- **MATERIALS PROVIDED**:
<<<<
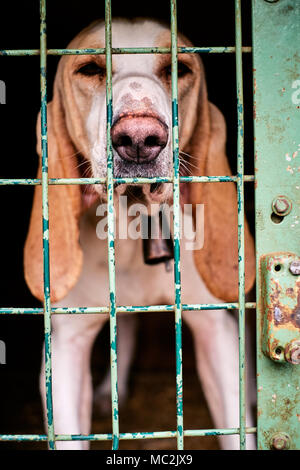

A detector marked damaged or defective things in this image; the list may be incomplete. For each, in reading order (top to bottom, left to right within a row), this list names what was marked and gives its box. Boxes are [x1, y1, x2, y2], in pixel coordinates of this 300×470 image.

rusted bolt [272, 195, 292, 217]
rusted bolt [284, 340, 300, 366]
rusted bolt [270, 432, 290, 450]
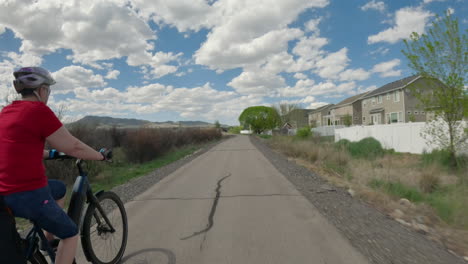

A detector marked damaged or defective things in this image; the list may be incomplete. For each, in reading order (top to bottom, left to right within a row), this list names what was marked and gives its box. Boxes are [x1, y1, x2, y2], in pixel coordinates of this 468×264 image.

crack in asphalt [179, 173, 230, 243]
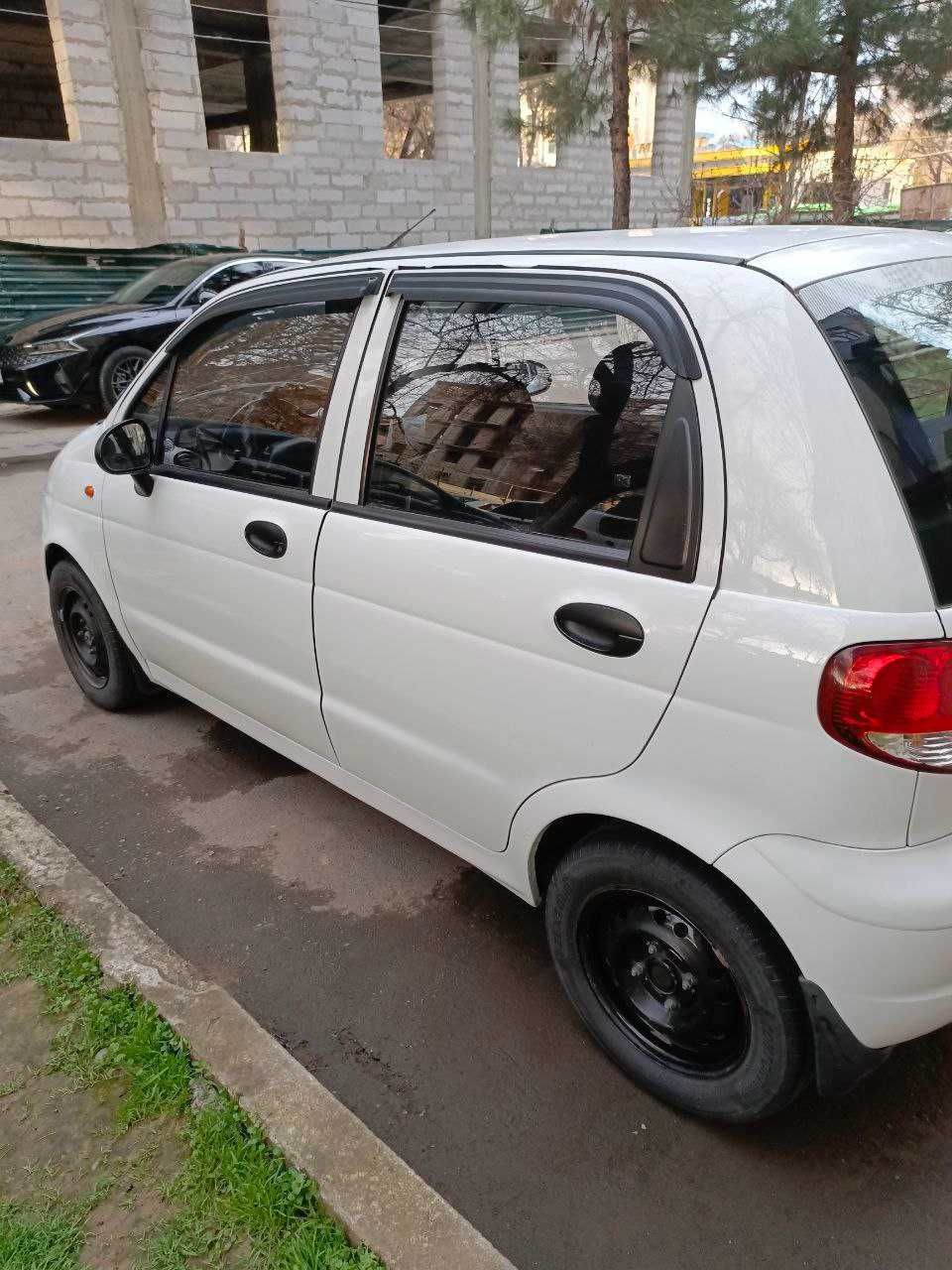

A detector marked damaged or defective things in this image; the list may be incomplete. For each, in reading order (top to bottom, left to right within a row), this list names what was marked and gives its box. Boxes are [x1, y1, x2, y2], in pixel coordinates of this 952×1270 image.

cracked asphalt [1, 456, 952, 1270]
>>>>
- **WHAT TO PRODUCE**:
Beginning at the line that holds "this 952×1270 image.", copy every line through the end of the entries exactly as given, and only those lines.

- **EXERCISE SOLUTION**:
A detector marked damaged or defective things in this image; the list may be incomplete. For each, in reading order (top to bottom, left to right within a row), this list names what was marked and gives its box. Boxes are [x1, y1, x2, y2], in pixel coordinates of this 952×1270 image.

cracked asphalt [1, 456, 952, 1270]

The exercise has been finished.